» **WHAT TO WORK ON**
Hand back every line from the beginning of the data below through the line containing "Farmhouse Flush Mount", word for word and free of pictures.

_____

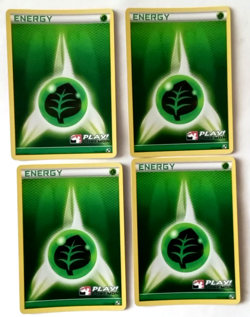 4 BRAND NEW 2011 Pokemon Cross Hatch Holo Unlisted Grass Energy Pokemon Card - Image 1
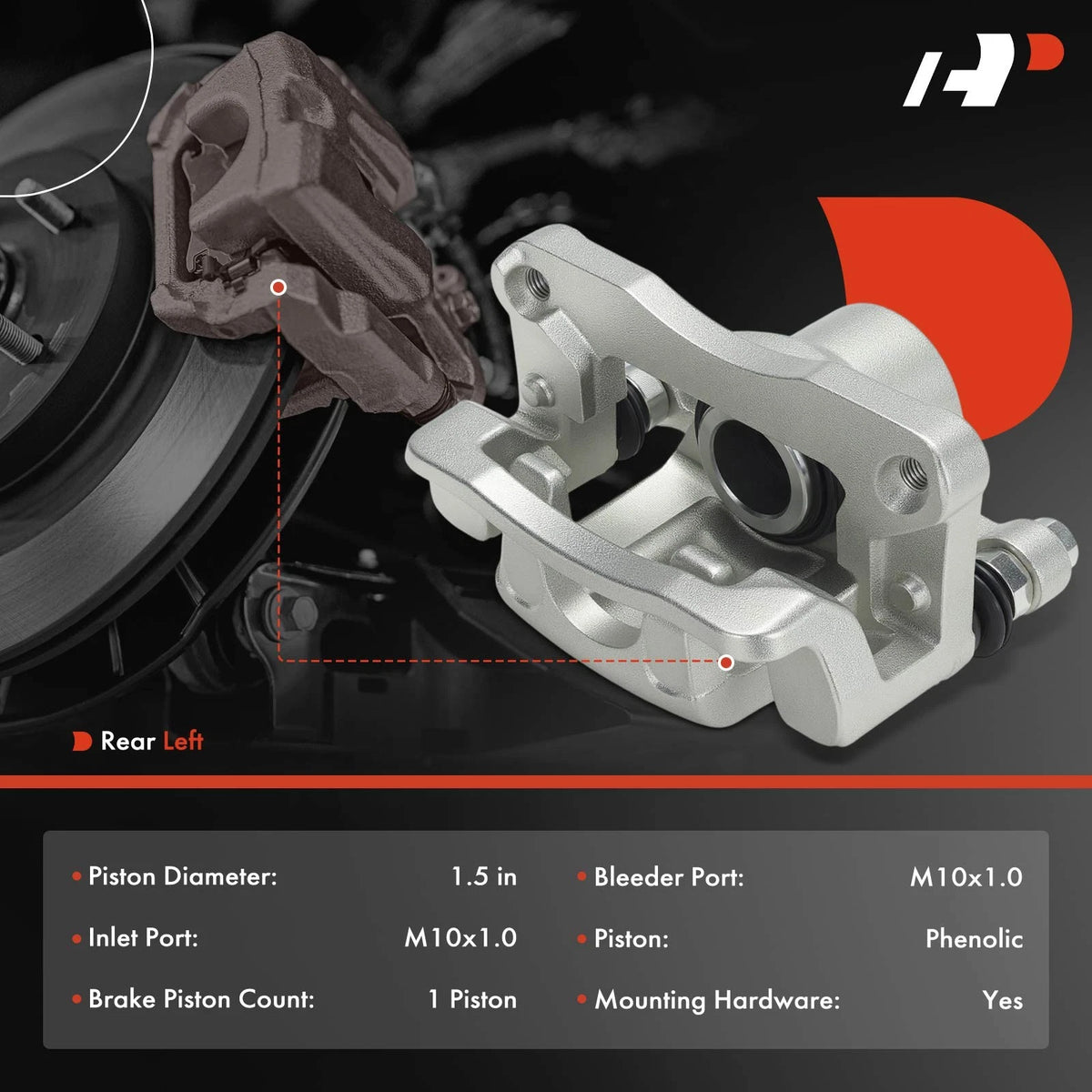A-Premium Rear Left Brake Caliper for Hyundai Santa Fe (2001–2006) 5831026A00, 5831026A10, 583103AA00
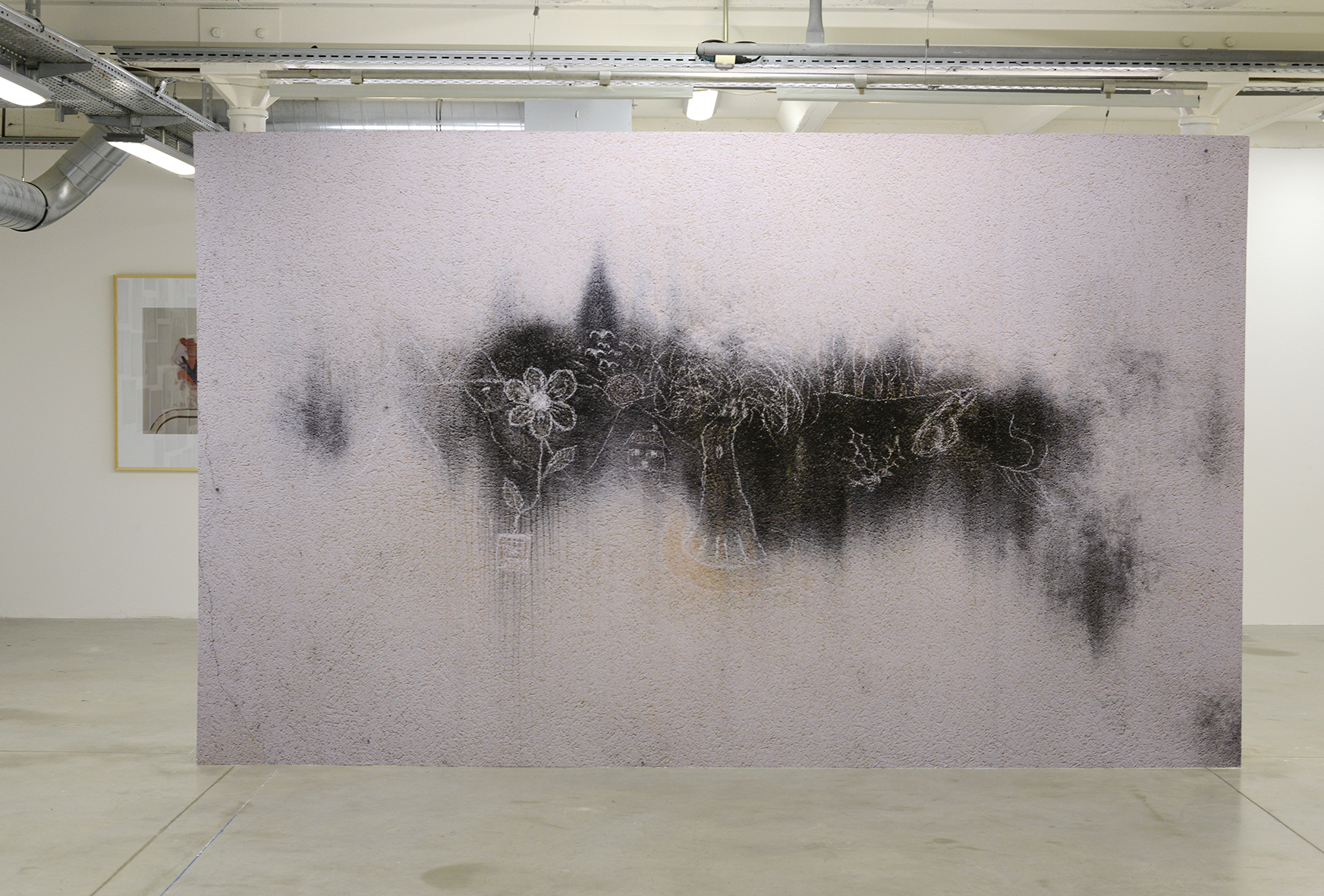 Arnaud Théval Un jardin, cour de promenade pour femmes (2019) 260 x 433 cm, tirage affiche.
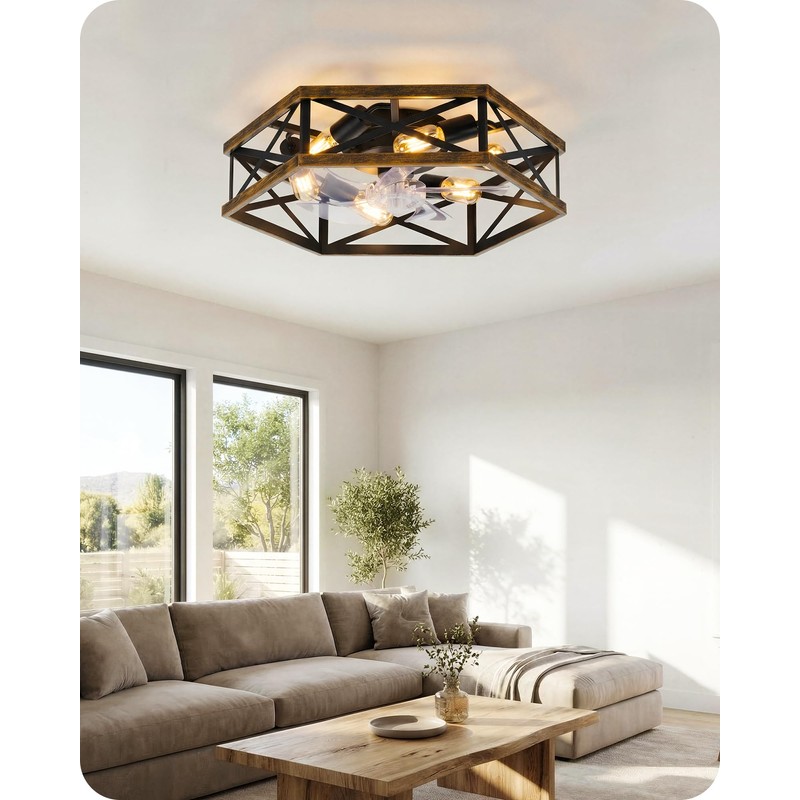 23" Farmhouse Flush Mount Ceiling Fan with Lights and Remote,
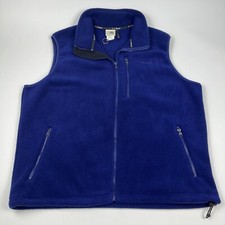 Vintage 80s LL Bean Navy Full Zip Fleece Vest Sweater Men's Large Made In USA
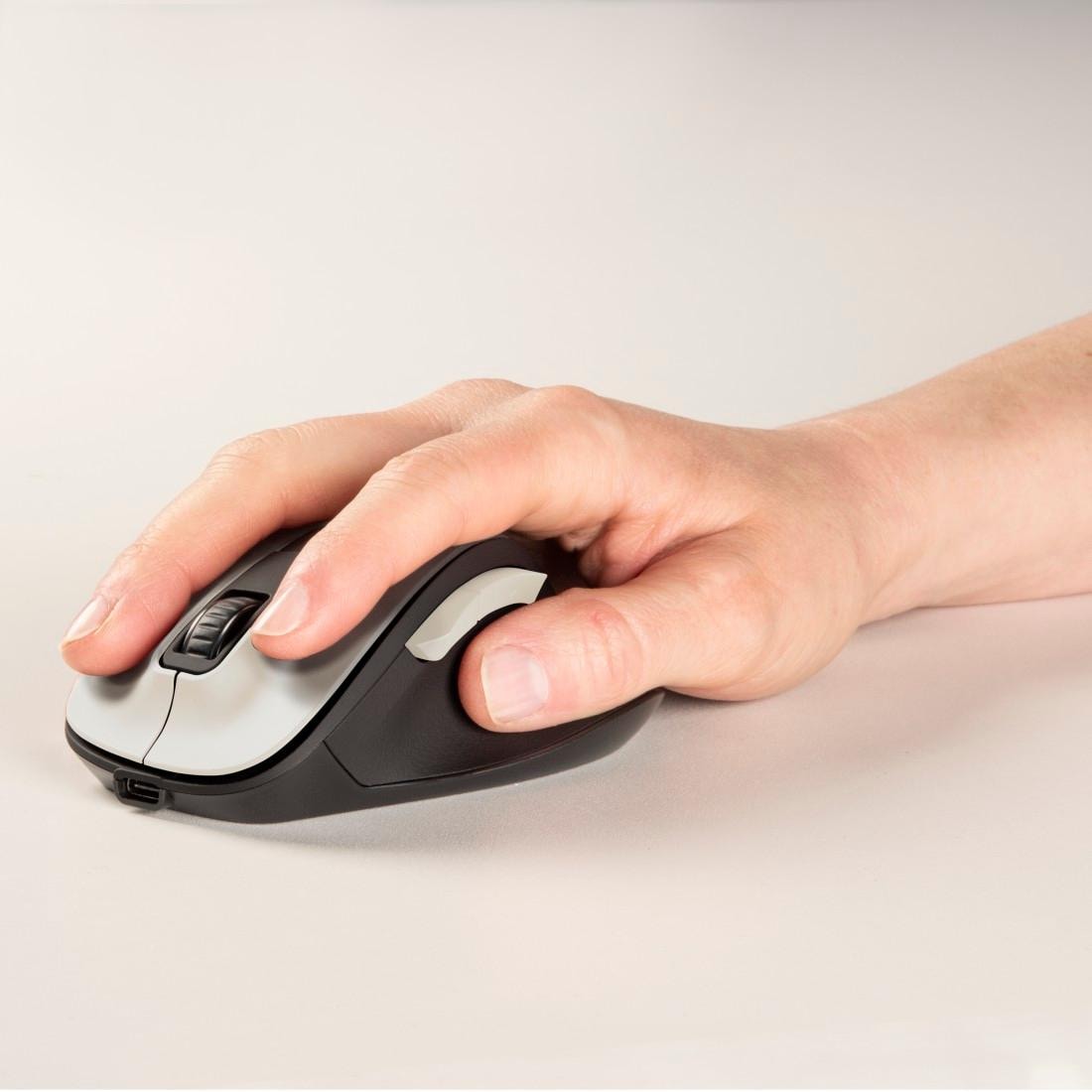 Hama ergonomische Maus »Optische 6 Tasten Funkmaus, ergonomisch, Rechtshänder, leise Tasten«, Funk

_____

» **TASK RESULT**
 4 BRAND NEW 2011 Pokemon Cross Hatch Holo Unlisted Grass Energy Pokemon Card - Image 1
A-Premium Rear Left Brake Caliper for Hyundai Santa Fe (2001–2006) 5831026A00, 5831026A10, 583103AA00
 Arnaud Théval Un jardin, cour de promenade pour femmes (2019) 260 x 433 cm, tirage affiche.
 23" Farmhouse Flush Mount Ceiling Fan with Lights and Remote,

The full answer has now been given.